LOS SERVICIOS AMBIENTALES. Por sus hábitos alimenticios son de gran importancia como polinizadores y controladores de plagas. Muchas plantas y cultivos agrícolas dependen de los murciélagos para su reproducción: agave, aguacate, nueces, pitaya, higos, dátiles, mangos y duraznos. El Murciélago güanero o tequilero (Tarida brasilensis), según calculos de agrónomos gringos, presta un servicio de control de plagas en cultivos de algodón y maíz, equivalente a 5 millones de dólares anuales. Otro plus, es lo que cagan, se le llama guano y se considera el mejor fertilizante natural del mundo.
SON PORTADORES DE VIRUS. Cierto, pero no todos, el más famoso es el de la rabia que transmite el chinacate patas pelonas; uno que generó pánico es el virus de Ébola, transmitido por tres murciélagos africanos y un virus que nos trajo locos, el COVID. En un reciente artículo de la revista “Nature Communications” (diciembre 2024) de la Microbióloga Alicia Latinne de la Universidad de Lieja Bélgica), describe la transmisión de este virus en el murciélago Herradura.
LOS DE SINALOA. El Biólogo Ricardo Aguilar Romero, nos hizo el favor de darnos a conocer los murciélagos de la sierrita de Navachiste, en el hoy municipio de Juan José Ríos.
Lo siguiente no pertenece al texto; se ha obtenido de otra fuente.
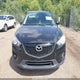 JM3KE4CY9F0441869 2015 Mazda Cx-5 Touring auction photo thumbnail 12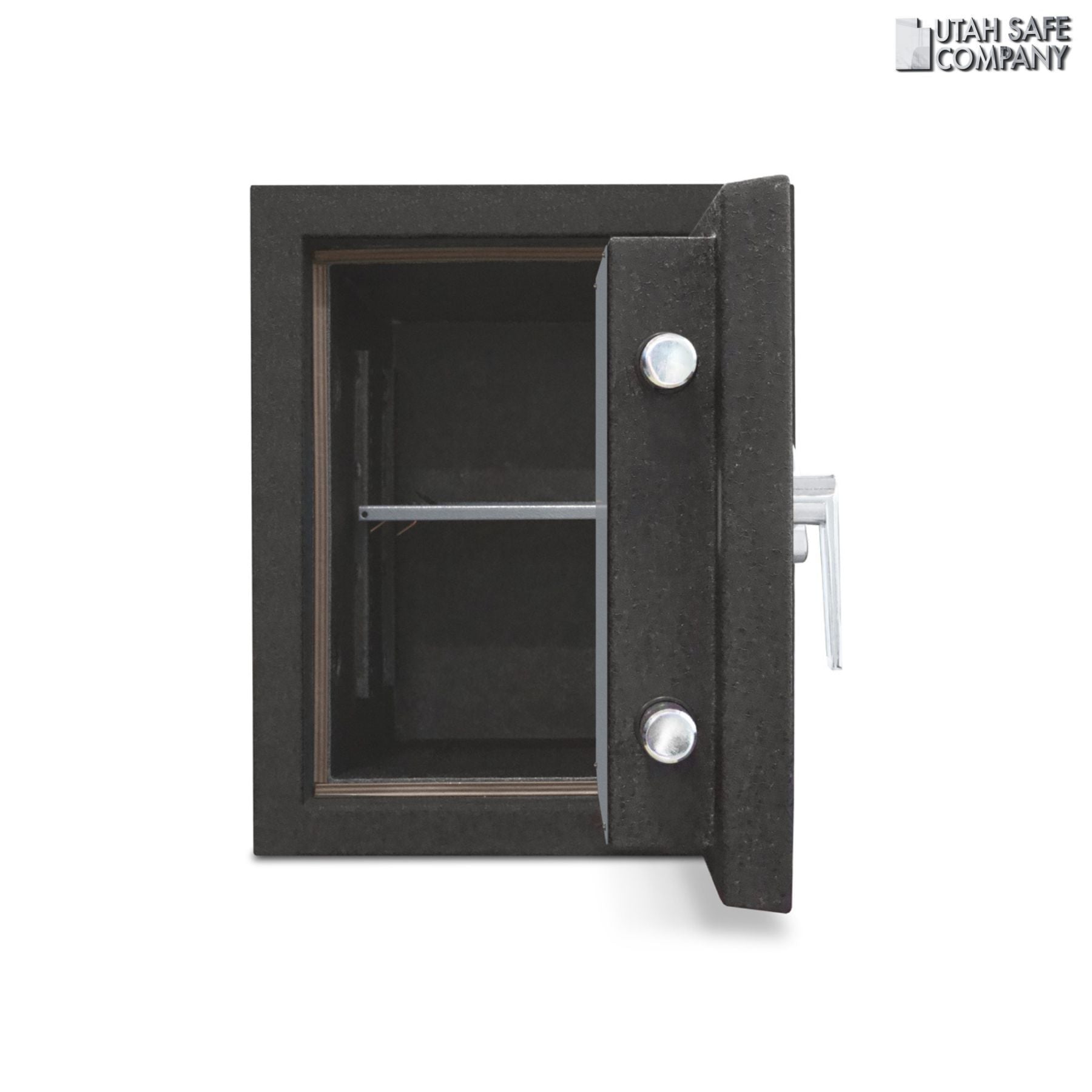 Stealth CS20 Concrete Composite Burglary Safe - Utah Safe Company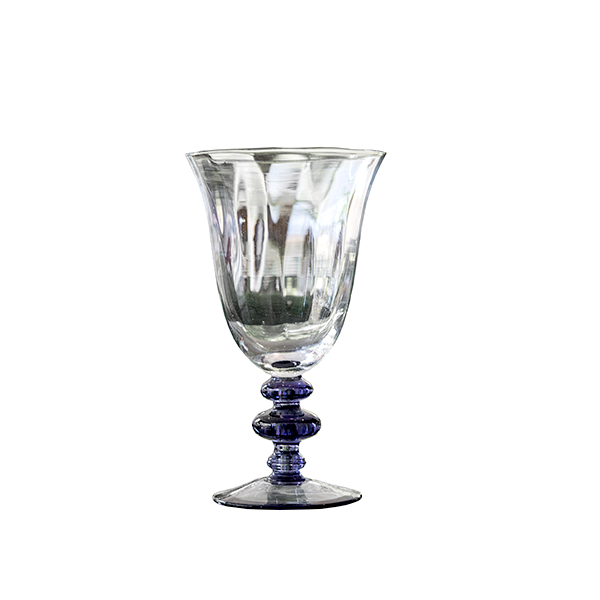 WHITE WINE GLASSES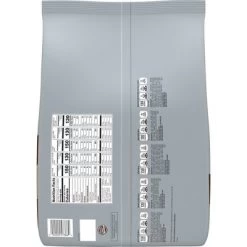 Mars Halloween Mixed Variety Pack - 104.27oz/365pc -Target GUEST 3bf84a46 3edf 4e0d b6e8 c916d38e52ca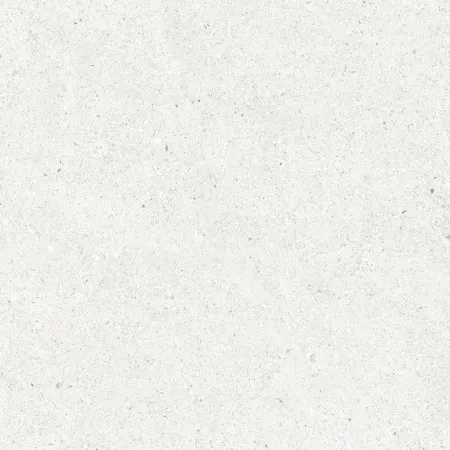 НФ-00100227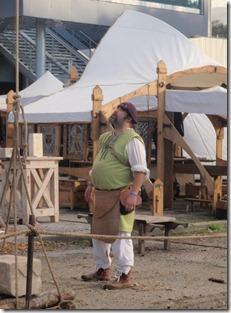 315559_4652237631228_7392218_n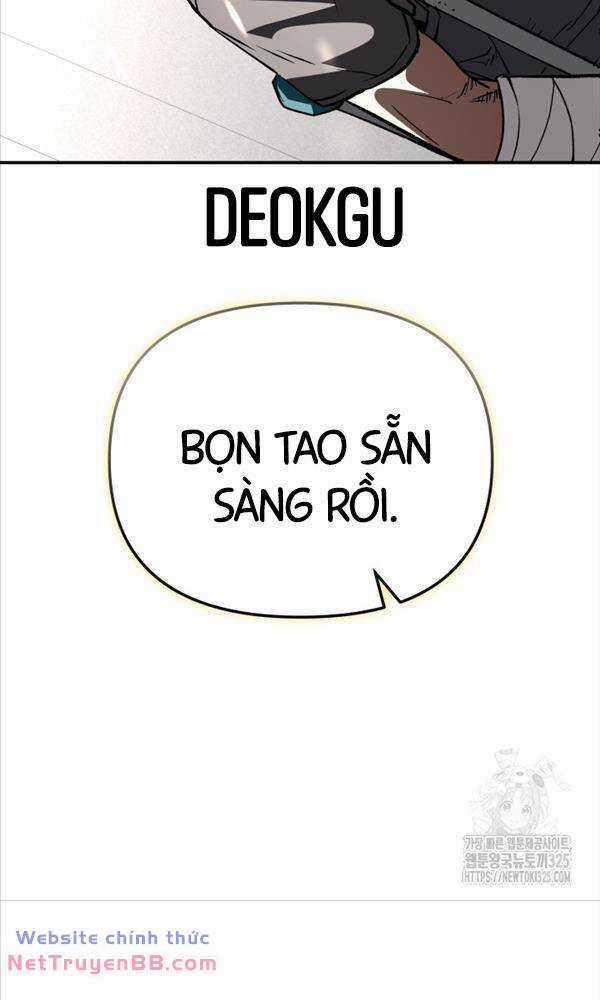 99 thủ lĩnh Chapter 16 trang 142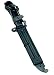 Mil-Tec Bajonett Ak47/59 Original Mit Scheide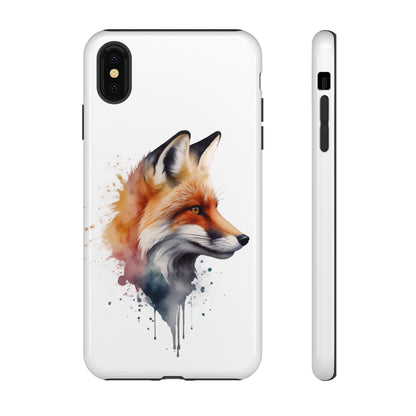 Fox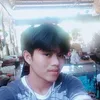 markryantiktok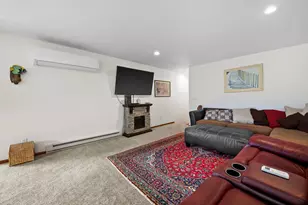 W271N2641 Pear Tree Ln, Pewaukee, WI 53072 - Photo 22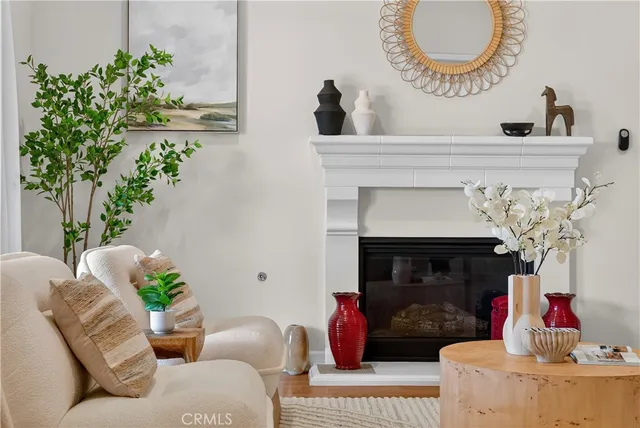 $2,298,000 | 332 Snapdragon Lane, Glendora, CA 91741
Allí, en la cueva del “Cerro de Arena”, viven un millón de chinacates de 5 especies, 4 comen insectos y una es frugívora. Para que se dé una idea de la importancia de esta colonia de chinacates, en una ronda nocturna consumen una tonelada de insectos. Un solo animal se engulle 1200 mosquitos en su turno nocturno.
Otra famosa cueva de murciélagos es la del Mavari, al norte de Topolobampo, es una cueva de maternidad o lactancia. En mayo llegan 25 mil hembras preñadas, ahí paren y alimentan a sus crías, todas las noches, salen 25 mil mamás-murciélagas a conseguir la comida y producir la leche vital para sus crías, que dejan colgadas en racimos en las paredes de la cueva. El misterio es como cada madre identifica a su bebé para darle chichi.
También me informan que en la Meseta de Cacaxtla, hay una cueva de murciélago tequilero, pero no precisaron el sitio.
El Biólogo Ricardo, en su investigación, encontró que de 422 ejemplares capturados, solo siete dieron positivo al virus de la rabia. Nada para corrrer, pero de todos modos recomienda un protocolo de manejo, ya que de esas cuevas se extrae güano-fertilizante para su venta.
¡Cuidemos a nuestros murciélagos!.
Al atardecer, de la Cueva del Cerro del Maviri, salen 25 mil murciélagas, todas son hembras, salen a conseguir el sustento para amamantar a sus crías, cada hembra tiene una, las dejan en racimos, parchadas en la pared de la cueva (Foto de la Bióloga Daniela Cafaggi).
El aviso de la cueva del Maviri. Las murciélagas usan el sitio como Cueva de Maternidad o Lactancia. Llegan en mayo, paren y durante 6 meses amamantan a sus crías y migran.
Una percha de crías y mamás murciélagas. El misterio es como identifican a su cría después de volver de la cacería nocturna. Cada hembra madre debe darle chichi exclusivamente a su bebé; si es depredada por un Tecolote, halcón o víbora, la cría muere de hambre.